[Stored data]
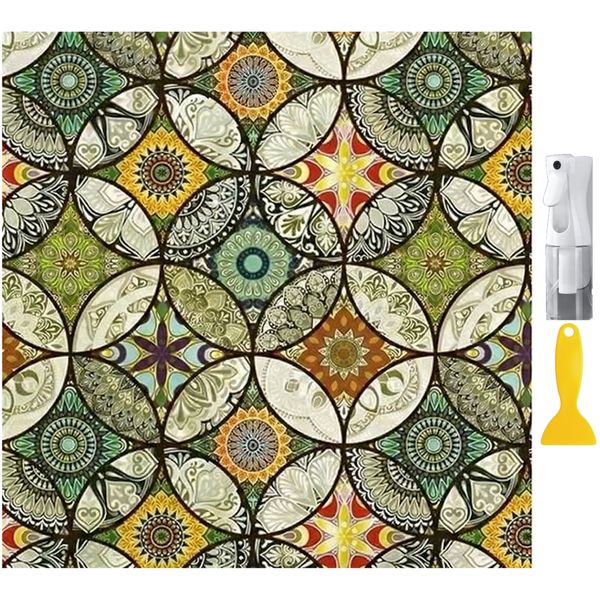Mandala Bohemian Window Privacy Film Kit - Decorative Glass Sticker (4m)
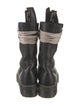 Rick Owens x Dr. Martens Leather Combat Boots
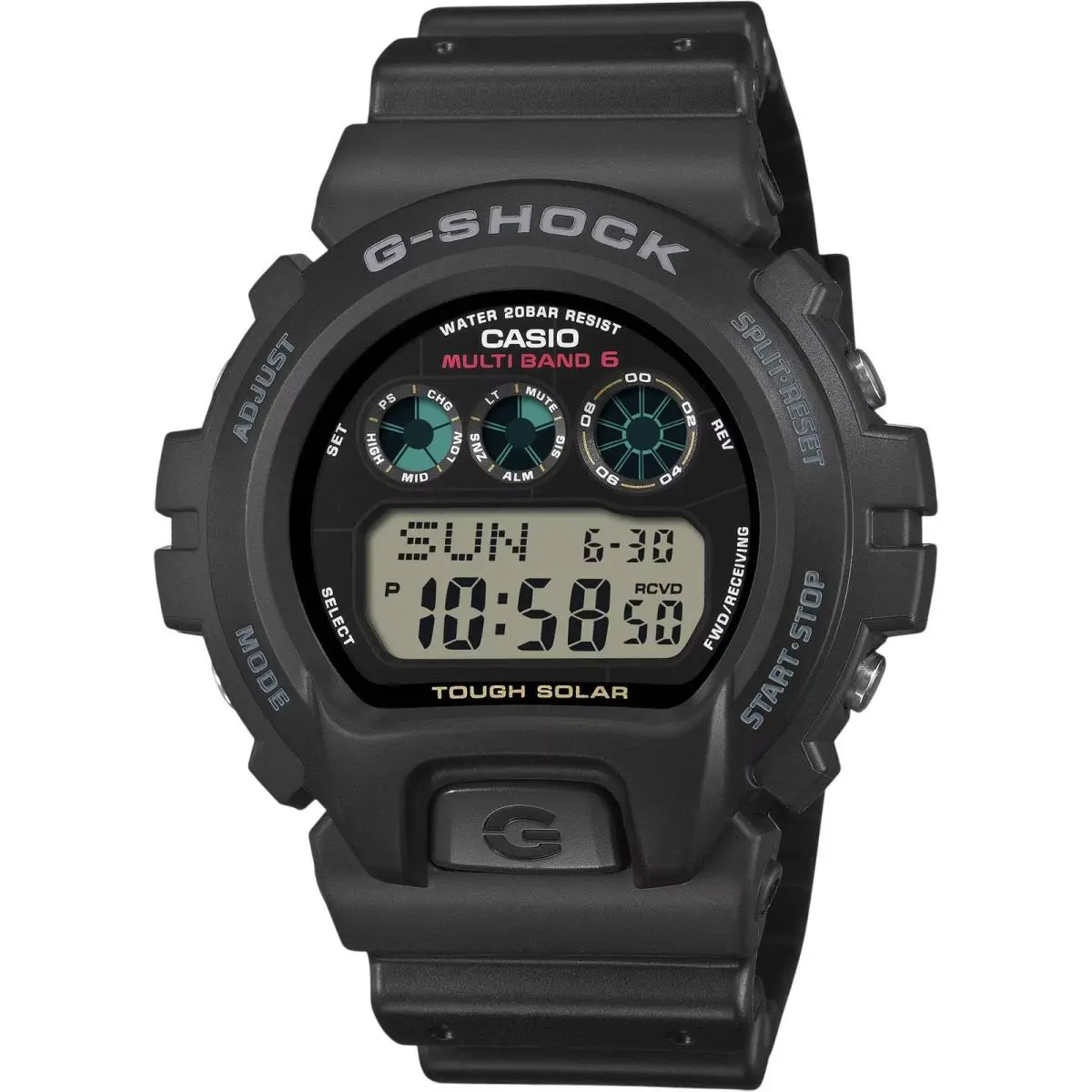 Men`s Watch G-shock Black and Grey Analog-digital Dial Strap GW-6900U-1CR by Casio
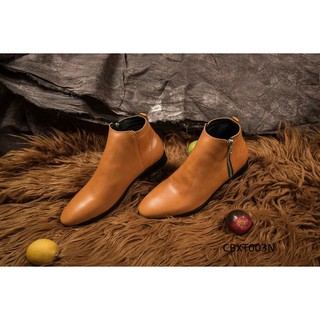 Giày chelsea boot Nam hàng cao cấp CB003N màu nâu bóng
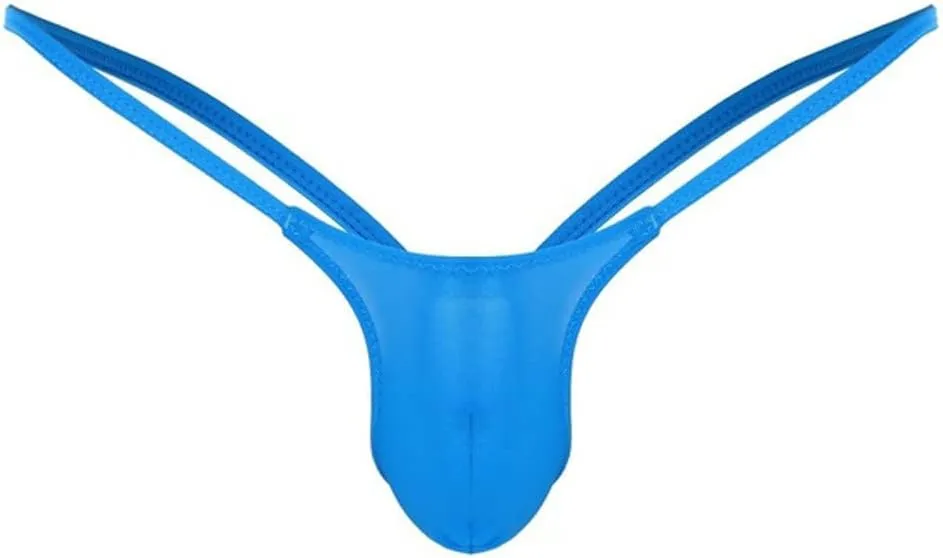 10 Pack Silky Bulge Pouch Briefs Men Ice Silk Low Rise Thong G-String Elephant Nose Sissy Panties Underpants Underwear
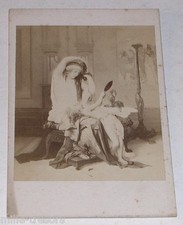 PHOTOGRAPHIE albuminée GOUPIL & Cie : Dame à sa toilette peint par COOMANS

▸ **Your goal**
Only the lines from the beginning of the records up to and including the line with "Giày chelsea boot" should appear, exactly as they are, and no pictures.

▸ **Exercise solution**
Mandala Bohemian Window Privacy Film Kit - Decorative Glass Sticker (4m)
 Rick Owens x Dr. Martens Leather Combat Boots
 Men`s Watch G-shock Black and Grey Analog-digital Dial Strap GW-6900U-1CR by Casio
 Giày chelsea boot Nam hàng cao cấp CB003N màu nâu bóng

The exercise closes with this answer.